▶ Task statement: Transcribe exactly everything in the data below from the line containing "Women’s Leather Wallet" down to the line containing "Rainbow Moonstone 925", both lines included and nothing further.

▶ Records shown:
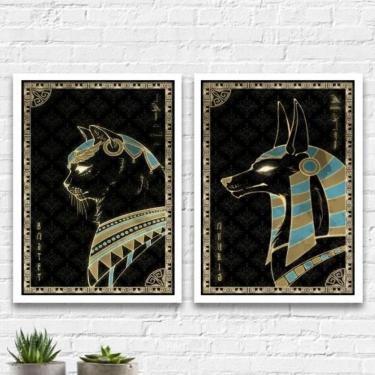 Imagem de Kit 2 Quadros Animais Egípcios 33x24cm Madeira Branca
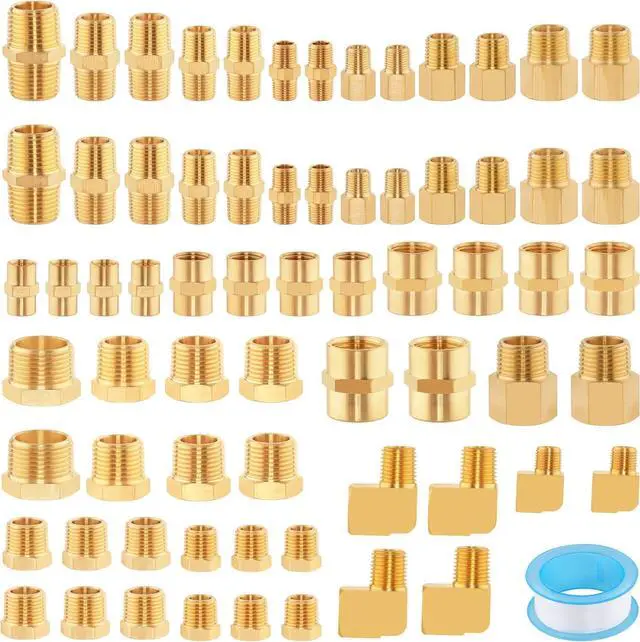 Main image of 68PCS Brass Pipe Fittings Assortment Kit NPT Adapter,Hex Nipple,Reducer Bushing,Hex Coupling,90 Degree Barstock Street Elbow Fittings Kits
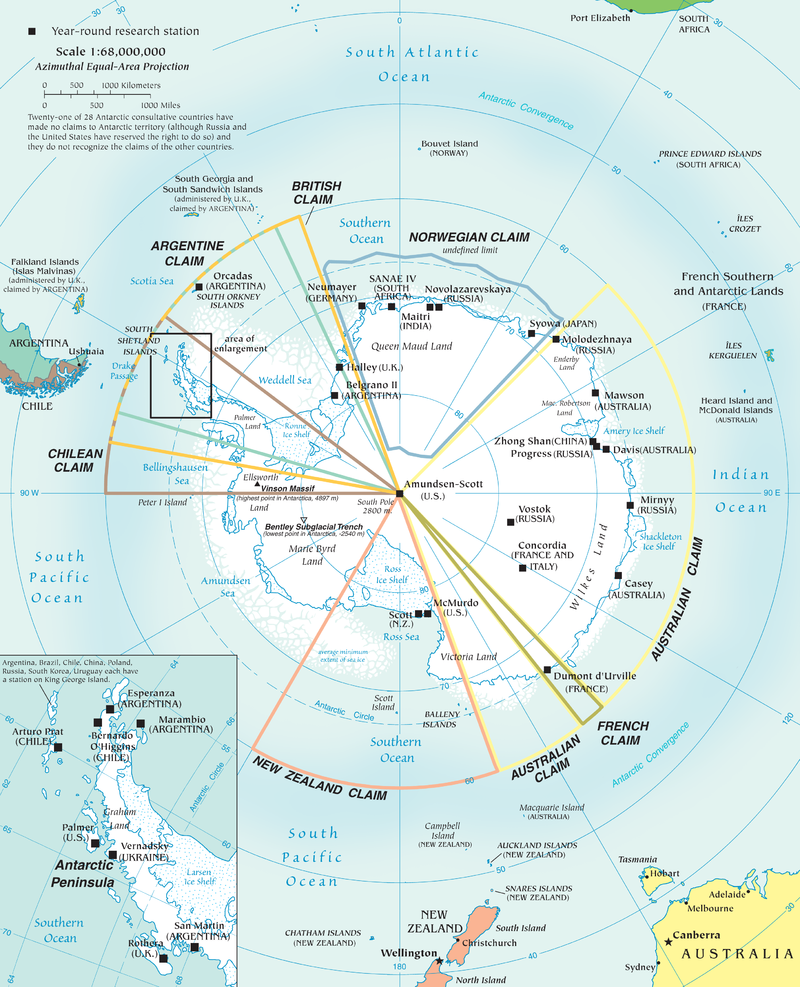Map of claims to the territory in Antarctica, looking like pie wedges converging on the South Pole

* * *

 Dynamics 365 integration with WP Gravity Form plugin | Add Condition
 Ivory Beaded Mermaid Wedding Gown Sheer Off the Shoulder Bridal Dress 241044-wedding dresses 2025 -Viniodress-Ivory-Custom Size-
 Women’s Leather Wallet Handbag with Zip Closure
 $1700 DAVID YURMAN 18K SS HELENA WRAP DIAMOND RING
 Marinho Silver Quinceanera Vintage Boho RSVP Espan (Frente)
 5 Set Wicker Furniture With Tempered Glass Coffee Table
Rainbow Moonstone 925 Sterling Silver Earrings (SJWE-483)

* * *

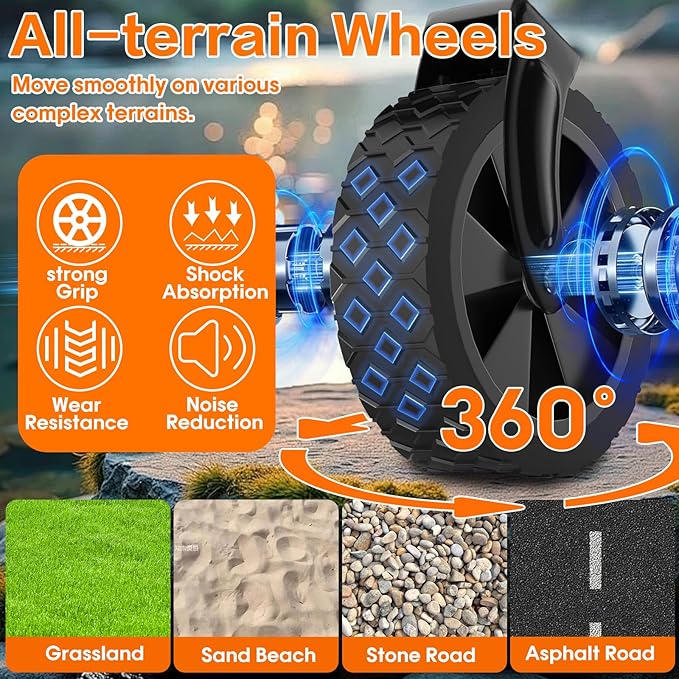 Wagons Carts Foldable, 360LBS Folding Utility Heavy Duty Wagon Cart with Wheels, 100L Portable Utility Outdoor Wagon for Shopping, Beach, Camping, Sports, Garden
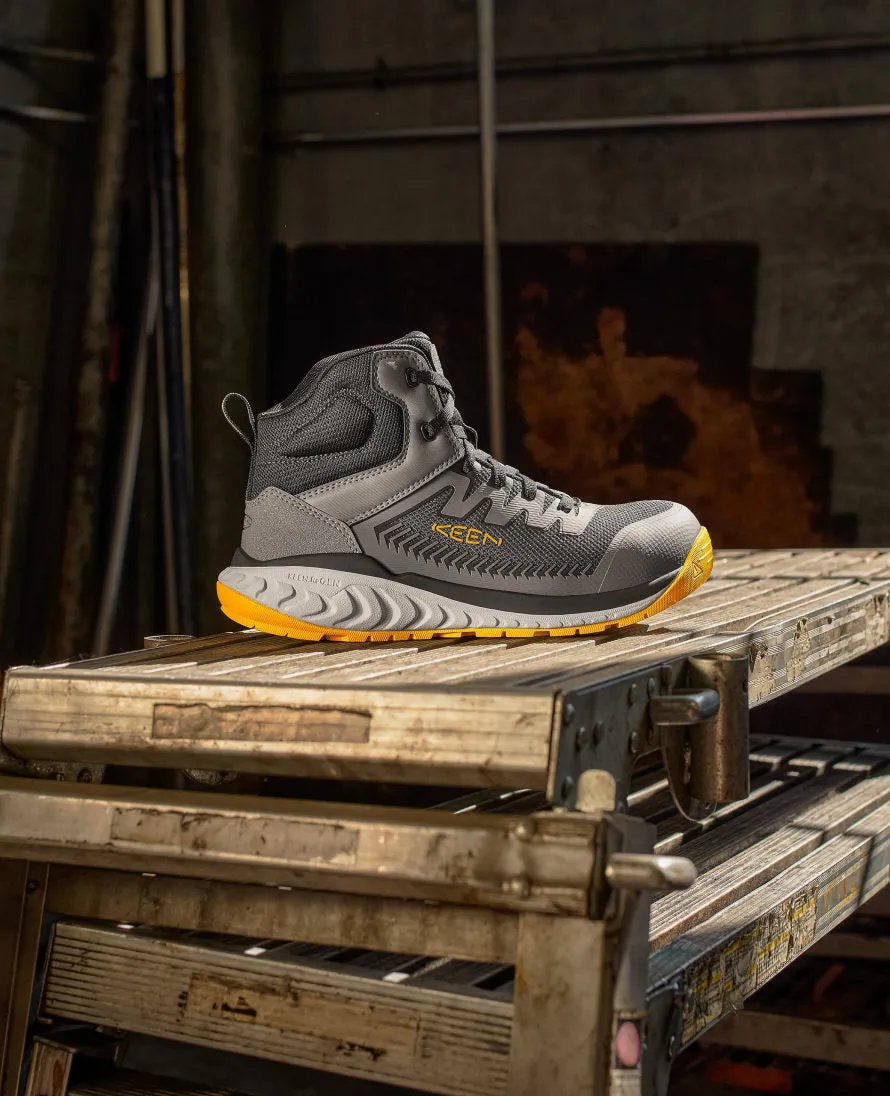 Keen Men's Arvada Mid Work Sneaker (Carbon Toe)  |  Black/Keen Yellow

▶ Task result:
 Women’s Leather Wallet Handbag with Zip Closure
 $1700 DAVID YURMAN 18K SS HELENA WRAP DIAMOND RING
 Marinho Silver Quinceanera Vintage Boho RSVP Espan (Frente)
 5 Set Wicker Furniture With Tempered Glass Coffee Table
Rainbow Moonstone 925 Sterling Silver Earrings (SJWE-483)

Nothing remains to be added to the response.